Two identifiers organize everything. The CIK (Central Index Key) identifies a filer. The accession number, an 18-digit dash-separated ID, identifies a single filing, and it is the atomic unit of provenance: any claim about a holding should trace back to one. Tickers are not first-class citizens. The SEC publishes a ticker-to-CIK mapping file (company_tickers.json), but the holdings inside a 13F are keyed by CUSIP, not ticker, which is its own resolution problem (see what a CUSIP is and why it matters). The official starting point for the structured endpoints is the SEC's EDGAR API documentation, and for 13F-specific questions the SEC's 13F FAQ is the canonical reference.

The endpoints that matter
EDGAR is really several surfaces stacked on one archive. Here is the map most pipelines end up using:
| Surface | URL pattern | Returns | Best for |
|---|---|---|---|
| Submissions | data.sec.gov/submissions/CIK##########.json |
A filer's filing history: form types, dates, accession numbers, document names | "What has this filer submitted lately?" |
| XBRL company facts | data.sec.gov/api/xbrl/companyfacts/CIK##########.json |
Every tagged financial fact from structured filings | Fundamentals time series |
| Archives | sec.gov/Archives/edgar/data/<cik>/<accession>/ |
The raw documents of one filing | Pulling the actual 13F table or Form 4 XML |
| Full-text search | efts.sec.gov |
Keyword hits across recent filings | Discovery, not complete history |
| Index files | sec.gov/Archives/edgar/full-index/<year>/<qtr>/ |
A listing of every filing in the period | Bulk and incremental ingestion |
The CIK must be zero-padded to ten digits on data.sec.gov, and every request needs a User-Agent that identifies you:
# Filing history for Berkshire Hathaway (CIK 1067983)
curl -H "User-Agent: yourname [email protected]" \
"https://data.sec.gov/submissions/CIK0001067983.json"
The submissions response hands you accession numbers and a primary document name. From there you construct an Archives URL (strip the dashes from the accession number to get the directory) and fetch the documents themselves. Each filing directory also exposes an index.json listing its files. Read it. Do not guess document names; the reason is in the traps section below.
Rate limits and the fair access policy
There is no API key, but there are rules, and they are enforced. The SEC's fair access guidance, published at Accessing EDGAR Data, currently documents a limit of ten requests per second and requires a declared User-Agent with contact information. Anonymous or bursty clients get throttled or blocked outright, which usually surfaces as a wall of 403 responses halfway through a crawl. The practical posture: treat ten per second as a ceiling rather than a target, add exponential backoff, cache everything you fetch, and prefer index files over hammering per-filing URLs.

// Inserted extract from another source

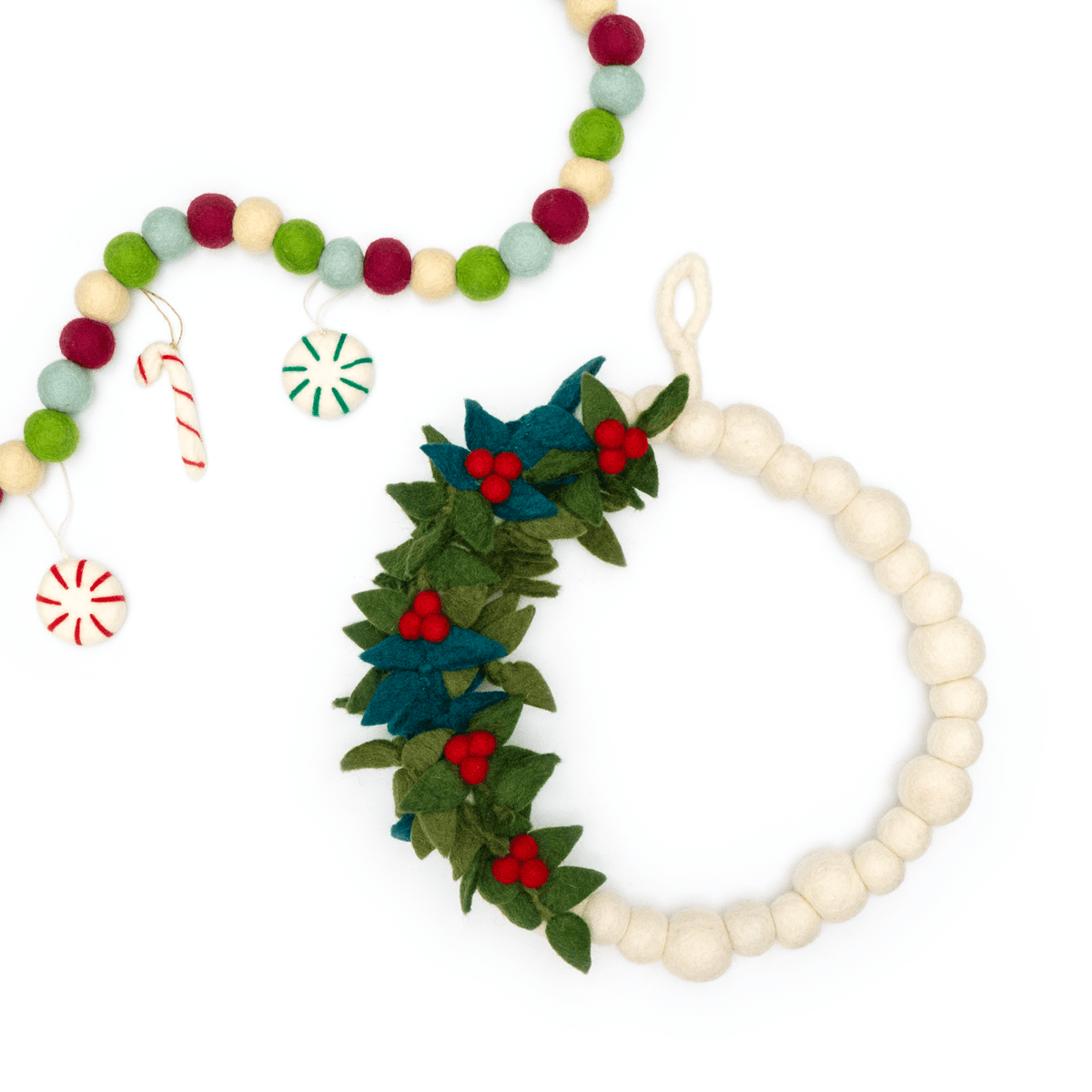 White Mistletoe Red Berry Wreath - Red
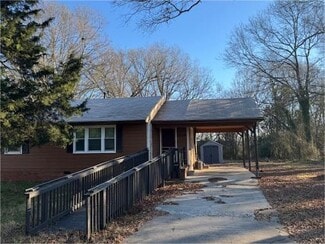 1709 Lyndon Ave, Anderson, SC 29624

The load pattern matters more than the limit. Filings cluster hard around statutory deadlines. The 2026 13F deadlines are February 17, May 15, August 14, and November 16, and managers tend to file on or very near the last permitted day, so an ingestion pipeline sees a trickle for weeks and then a flood in a single afternoon (the full calendar is in 13F filing deadlines for 2026). Design for the flood: queue accessions from the index, drain the queue at a polite rate, and accept that on deadline day your freshness lag is governed by the rate limit times the backlog, not by your code. EDGAR also has no SLA. It is a disclosure system, not a market data product, and occasional slowness or maintenance is something your retries simply have to absorb.
Index files: the bulk workhorse
For anything beyond a handful of companies, you stop calling per-company endpoints and start walking index files. Each quarter, the full-index directory carries form.idx (sorted by form type), company.idx (by company name), and master.idx (pipe-delimited, the easiest to parse). A parallel daily-index tree lists what was filed each day, which is what an incremental pipeline actually polls.
The files come with quirks of their own: header preambles you must skip, fixed-width columns in some variants, and company names that can contain your delimiter. The robust pattern is a recurring sweep of the daily index, a diff against the accession numbers you have already ingested, then fetching only the new filings within the rate limit. The index is also where amendments first appear, and they appear without ceremony: a 13F-HR/A or a Form 4/A is just another row. Whether that amendment restates the original filing, extends it, or supersedes it entirely is not the index's problem. It is yours, and it is the single most common place homegrown EDGAR pipelines quietly go wrong.
Why raw EDGAR is harder than it looks
Fetching is a weekend project. Correctness is not. The traps, roughly in the order they will find you:
Filer-controlled file naming. The 13F information table is XML, but its filename is whatever the filer chose. Some of the largest managers publish it under a bare numeric filename with no hint of its contents. Pipelines that pattern-match filenames silently freeze on exactly the filers you care about most. The only safe approach is reading the filing's index.json and verifying the document content itself.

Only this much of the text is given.